Short web captions
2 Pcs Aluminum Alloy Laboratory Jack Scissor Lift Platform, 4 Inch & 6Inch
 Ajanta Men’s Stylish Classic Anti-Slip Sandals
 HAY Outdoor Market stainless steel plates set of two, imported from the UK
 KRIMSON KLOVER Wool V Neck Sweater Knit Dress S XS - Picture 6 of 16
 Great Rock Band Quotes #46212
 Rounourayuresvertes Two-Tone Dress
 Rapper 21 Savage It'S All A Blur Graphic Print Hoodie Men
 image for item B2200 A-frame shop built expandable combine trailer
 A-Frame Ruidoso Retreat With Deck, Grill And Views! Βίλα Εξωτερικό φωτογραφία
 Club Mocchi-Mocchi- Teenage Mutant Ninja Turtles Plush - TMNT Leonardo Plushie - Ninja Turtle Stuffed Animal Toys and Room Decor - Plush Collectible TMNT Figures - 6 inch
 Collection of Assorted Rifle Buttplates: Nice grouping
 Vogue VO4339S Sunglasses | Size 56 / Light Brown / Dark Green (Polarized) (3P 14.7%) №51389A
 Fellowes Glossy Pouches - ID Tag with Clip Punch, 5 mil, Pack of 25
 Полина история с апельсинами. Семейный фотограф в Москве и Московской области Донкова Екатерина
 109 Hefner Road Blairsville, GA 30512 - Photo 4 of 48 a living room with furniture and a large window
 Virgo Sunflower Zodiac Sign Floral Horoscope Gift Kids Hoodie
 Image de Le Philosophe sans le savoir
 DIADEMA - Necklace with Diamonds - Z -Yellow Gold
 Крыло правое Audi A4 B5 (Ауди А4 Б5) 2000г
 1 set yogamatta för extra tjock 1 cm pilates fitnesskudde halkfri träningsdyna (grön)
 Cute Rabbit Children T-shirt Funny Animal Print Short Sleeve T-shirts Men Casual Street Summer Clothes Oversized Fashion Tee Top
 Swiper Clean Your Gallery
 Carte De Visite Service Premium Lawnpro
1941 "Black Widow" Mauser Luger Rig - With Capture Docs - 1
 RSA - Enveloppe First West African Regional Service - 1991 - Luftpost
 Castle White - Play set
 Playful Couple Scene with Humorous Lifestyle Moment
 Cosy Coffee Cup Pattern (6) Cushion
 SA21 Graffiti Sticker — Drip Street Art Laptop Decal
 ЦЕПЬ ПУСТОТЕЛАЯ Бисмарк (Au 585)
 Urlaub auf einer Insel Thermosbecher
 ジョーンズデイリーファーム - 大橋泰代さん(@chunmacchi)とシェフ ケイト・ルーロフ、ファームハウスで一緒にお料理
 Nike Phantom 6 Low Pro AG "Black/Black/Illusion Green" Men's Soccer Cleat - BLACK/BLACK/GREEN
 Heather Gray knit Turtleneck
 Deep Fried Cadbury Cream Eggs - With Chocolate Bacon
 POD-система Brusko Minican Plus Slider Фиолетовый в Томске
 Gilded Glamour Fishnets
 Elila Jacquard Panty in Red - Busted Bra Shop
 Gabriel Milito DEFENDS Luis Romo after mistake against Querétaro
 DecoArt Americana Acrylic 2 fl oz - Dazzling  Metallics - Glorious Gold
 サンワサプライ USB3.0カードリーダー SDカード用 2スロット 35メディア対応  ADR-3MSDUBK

> **TASK STATEMENT**: All lines from the one containing "DecoArt Americana Acrylic" through the end of the records, both ends included, are to be quoted exactly; please add nothing else.

> **RESPONSE AREA**:
 DecoArt Americana Acrylic 2 fl oz - Dazzling  Metallics - Glorious Gold
 サンワサプライ USB3.0カードリーダー SDカード用 2スロット 35メディア対応  ADR-3MSDUBK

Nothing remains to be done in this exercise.